Remote work has been on the rise for the past few years and there are plenty of reasons why. Remote businesses save money on operational costs, employees are more productive with autonomy, and job seekers are consistently considering remote work as an important perk. With these benefits in mind, starting a remote business might seem like a good business venture, however, it’s important to recognize that there are some hurdles that come with running a remote business. If you’re new to the business world, understanding these challenges can help you avoid potentially fatal business mistakes. Here’s what you need to know:

Relinquishing control

When you’re just starting a business, chances are you want your hands in every aspect of the business. This is totally natural. You want to make sure the early stages of your company are equipped with the best possible foundation. However, when you run a remote business, there’s no way around it: you’ve got to relinquish some level of control.

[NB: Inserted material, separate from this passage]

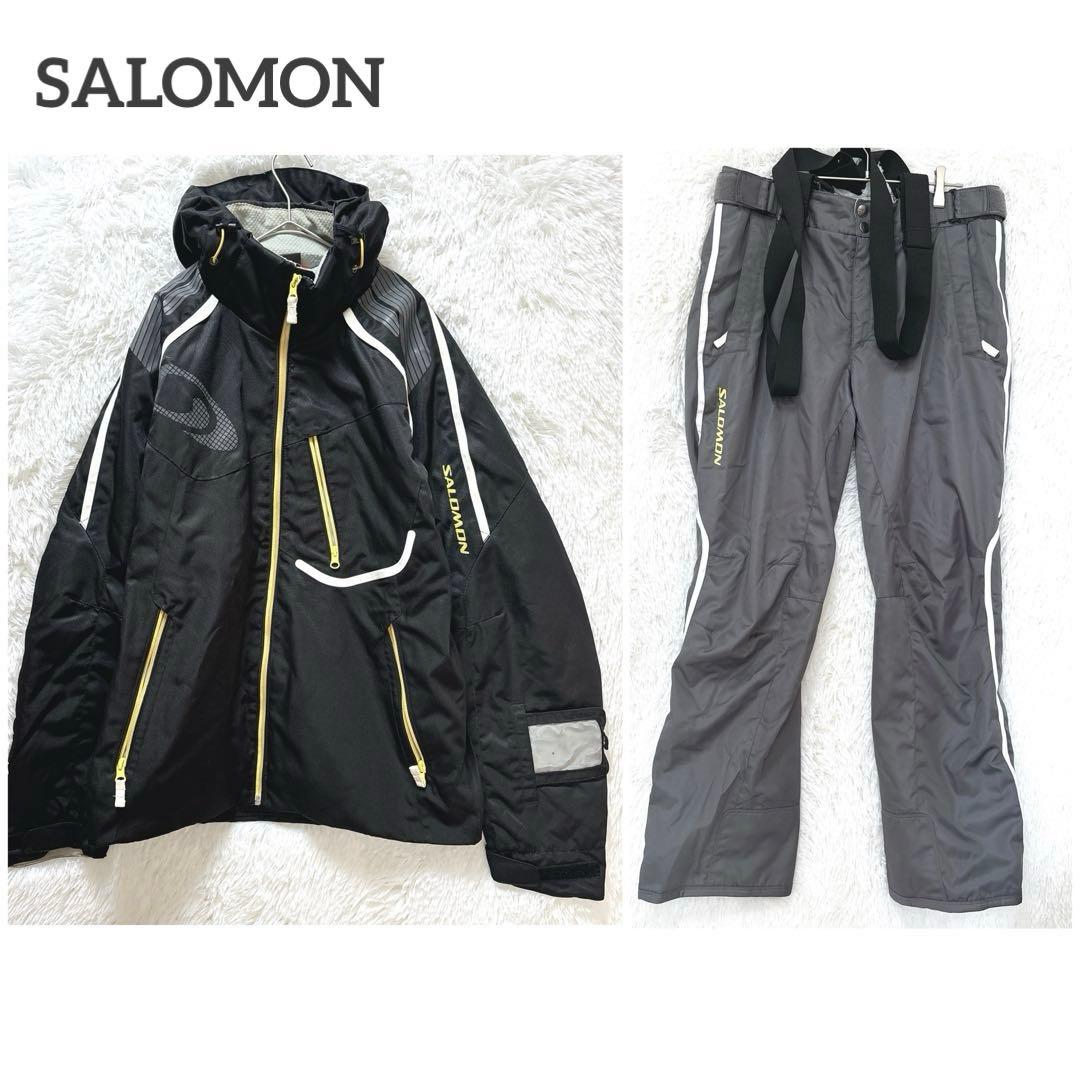 サロモン スキーウェア ブラック　Oサイズ　大きめ　スノーボード　セットアップ サロモン(salomon) スキーウェア 上下セット HIGHLAND+EDGE ハイランド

If you tend to hover as a management style, you’re in for some trouble. Offices help management retain control and without being a box that control is effectively eradicated. However, you can turn this into a positive thing. Place more emphasis on hiring great employees you can trust and fully embody the “hire slow, fire fast” methodology.

Ignoring the right tools

Running a remote business means you rely on technology and tools to power your operations (check out our list of the best home office gadgets). As such, avoid opting for the “free” or “freemium” versions of those tools. Try out different project management platforms and communications channels to determine what works best for you. If you need a lot of computing power, you should also look into wholesale colocation to manage your current and future technology needs and help your business scale in the long-run.

Building company culture

Company culture isn’t just reserved for offices. As a remote company, you still have to build company culture—and you have to work twice as hard to do so. You can build company culture in remote teams by hosting virtual events and activities, putting together an annual company retreat, and encouraging watercooler chat on your communication platform.

With company culture in mind, remember to consider the culture you’re trying to cultivate during the hiring process. Don’t just hire for talent—hire for the best possible team fit, too. When you hire with other employees in mind, you’re increasing the chances of building your culture even more and creating a cohesive team that works well together and enjoys a sense of camaraderie.

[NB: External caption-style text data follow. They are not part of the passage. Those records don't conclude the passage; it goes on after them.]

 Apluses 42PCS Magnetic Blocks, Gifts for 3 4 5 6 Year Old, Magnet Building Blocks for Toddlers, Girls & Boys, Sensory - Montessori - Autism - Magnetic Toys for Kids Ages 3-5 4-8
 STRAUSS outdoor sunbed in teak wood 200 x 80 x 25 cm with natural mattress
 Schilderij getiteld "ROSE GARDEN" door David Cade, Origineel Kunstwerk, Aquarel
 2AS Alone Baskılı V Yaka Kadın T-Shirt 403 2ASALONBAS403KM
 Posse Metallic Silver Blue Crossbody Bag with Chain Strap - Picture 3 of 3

Emphasize previous remote experience

Unfortunately, there can be a stark difference between a great employee and a great remote employee. Just because a candidate looks great on paper doesn’t mean that they’ll do just as great in a new situation where they’re charged with managing their own work day and routine without any interference. Hire people who have previous remote experience, have worked on their own personal projects, or who clearly demonstrate a strong ability to work independently.

Ignoring burnout

You might fear that remote workers won’t put in the hours, but the truth is, remote workers often work harder than their in-office counterparts and are more likely to suffer from burnout. Pay attention to signs of burnout in your employees. These signs include a decreased quality of work, a level of disengagement that’s uncharacteristic of them, and less productivity.

The fact is, your employees could be having a hard time creating a work-life balance and may be working overtime to achieve business goals, which can make them feel as if they have to consistently maintain that level of productivity. If you notice this, go out of your way to speak to them and talk to everyone about work-life balance. Create clear lines and boundaries that force them to log off and not overwork themselves.